九、「開山上人の云わく、『諸仏の荘厳同じと雖も印契(いんげい)に依って異を弁ず、如来の本迹は測り難し、眷属を以て之れを知る。一体の形像豈頭陀の応身に非ずや』云々。日眼・金吾・真間倶に是れ一体仏なり、故に全く立像の釈迦に同じ、豈継子一旦の寵愛に非ずや。日辰実に一機一縁の為に非ずと思わば、那(なん)ぞ一体仏を以て本尊とせざるや。今謹んで案じて曰く、本尊に非ずと雖も之れを称歎したもうに略して三意有り。一には猶是れ一宗仏通の初めなり、是の故に用捨時宜に随うか。二には日本中一同に阿弥陀仏を以て本尊と為す、然るに彼の人々適(たまたま)釈尊を造立す、豈称歎せざらんや。三には吾が祖の観見の前には一体仏の当体全く是れ一念三千即自受用の本仏の故なり、学者宜しく善く之れを思うべし」(『末法相応抄』・六巻抄140ページ)


十、「而るを天台宗より外の諸宗は本尊にまどえり。倶舎・成実・律宗は三十四心断結成道の釈尊を本尊とせり。天尊の太子、迷惑して我が身は民の子とをもうがごとし。華厳宗・真言宗・三論宗・法相宗等の四宗は大乗の宗なり。法相・三論は勝応身ににたる仏を本尊とす。天王の太子、我が父は侍とをもうがごとし。華厳宗・真言宗は、釈尊を下して盧舎那(るしゃな)・大日等を本尊と定む。天子たる父を下して種姓もなき者の法王のごとくなるにつけり。浄土宗は、釈迦の分身の阿弥陀仏を有縁の仏とをもって、教主をすてたり。禅宗は、下賎の者一分の徳あって父母をさぐるがごとし。仏をさげ経を下す。此皆、本尊に迷へり。例せば、三皇已前に父をしらず、人皆禽獣(きんじゅう)に同ぜしがごとし。寿量品をしらざる諸宗の者は畜に同じ。不知恩の者なり。故に妙楽云はく『一代教の中未だ曾て父母の寿(いのち)の遠きことを顕はさず。若し父の寿の遠きことを知らざれば、復父統の邦に迷ふ。徒に才能と謂ふも全く人の子に非ず』等云云。妙楽大師は唐の末、天宝年中の者なり。三論・華厳・法相・真言等の諸宗、並びに依経を深く見、広く勘へて、寿量品の仏をしらざる者は父統の邦に迷へる才能ある畜生とかけるなり」(『開目抄』・新編554ページ)

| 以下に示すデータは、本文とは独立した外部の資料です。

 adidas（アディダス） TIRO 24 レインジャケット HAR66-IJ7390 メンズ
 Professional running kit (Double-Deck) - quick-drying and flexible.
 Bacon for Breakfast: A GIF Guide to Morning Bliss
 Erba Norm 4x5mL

十一、「求めて云はく、其の形貌如何(いかん)。答へて云はく、一つには日本乃至一閻浮提一同に本門の教主釈尊を本尊とすべし。所謂宝塔の内の釈迦・多宝、外の諸仏並びに上行等の四菩薩脇士となるべし。二つには本門の戒壇。三つには日本乃至漢土月氏一閻浮提に人ごとに有智無智をきらはず一同に他事をすてゝ南無妙法蓮華経と唱ふべし」(『報恩抄』・新編1036ページ)


十二、「今此の御本尊は教主釈尊五百塵点劫より心中にをさめさせ給ひて、世に出現せさせ給ひても四十余年、其の後又法華経の中にも迹門はせすぎて、宝塔品より事をこりて寿量品に説き顕はし、神力品嘱累品に事極まりて侯ひし」(『新尼御前御返事』・新編764ページ)


十三、「答ふ、予が己心の大事之に如かず。汝が志無二なれば少し之を言はん。寿量品に建立する所の本尊は、五百塵点の当初より以来、此土有縁深厚・本有無作三身の教主釈尊是なり。寿量品に云はく『如来秘密神通之力』等云云」(『三大秘法抄』・新編1594ページ)


十四、「問う、所説の要言の法とは何物ぞや。答ふ、夫(それ)釈尊初成道より、四味三教乃至法華経の広開三顕一の席を立ちて、略開近顕遠を説かせ給ひし涌出品まで秘せさせ給ひし処の、実相証得の当初修行し給ふ処の寿量品の本尊と戒壇と題目の五字なり」(『三大秘法抄』・新編1593ページ)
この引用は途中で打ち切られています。